§ **Supplied material**
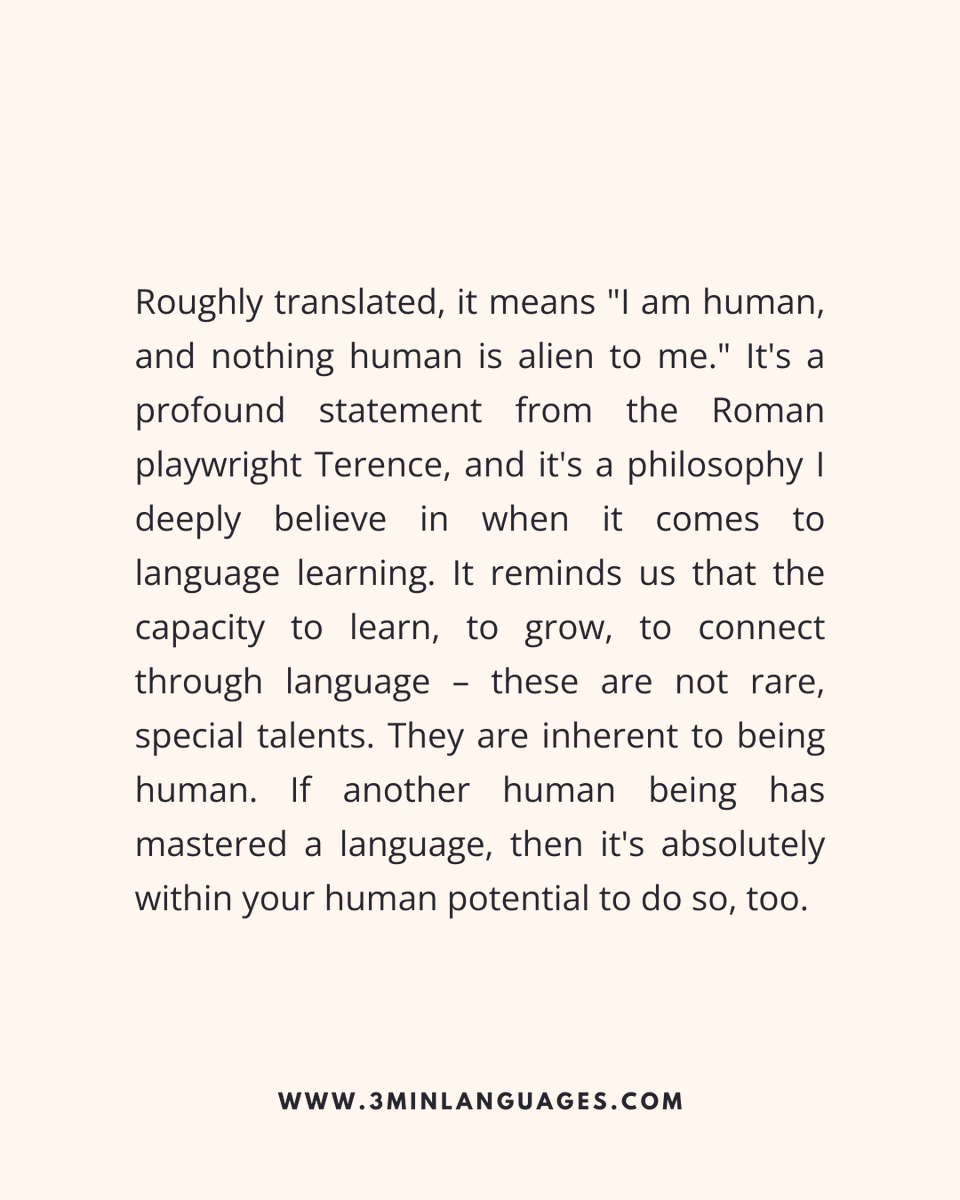 3MLanguages's tweet photo. “Homo sum…” Nothing human is alien to you.
 Language is yours to learn.
 👉 Learn the human way: https://t.co/zJMA7G83iy

#3MinuteLanguages #StudyIn3 #LanguageLearning #MicroLearning #Consistency #LearnFrench #LearnSpanish #LearnGerman #LearnItalian #LearnPortuguese https://t.co/hu2BHNiwJV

§ **What is needed**
Word for word, return the material, omitting the pictures.

§ **Response area**
 3MLanguages's tweet photo. “Homo sum…” Nothing human is alien to you.
 Language is yours to learn.
 👉 Learn the human way: https://t.co/zJMA7G83iy

#3MinuteLanguages #StudyIn3 #LanguageLearning #MicroLearning #Consistency #LearnFrench #LearnSpanish #LearnGerman #LearnItalian #LearnPortuguese https://t.co/hu2BHNiwJV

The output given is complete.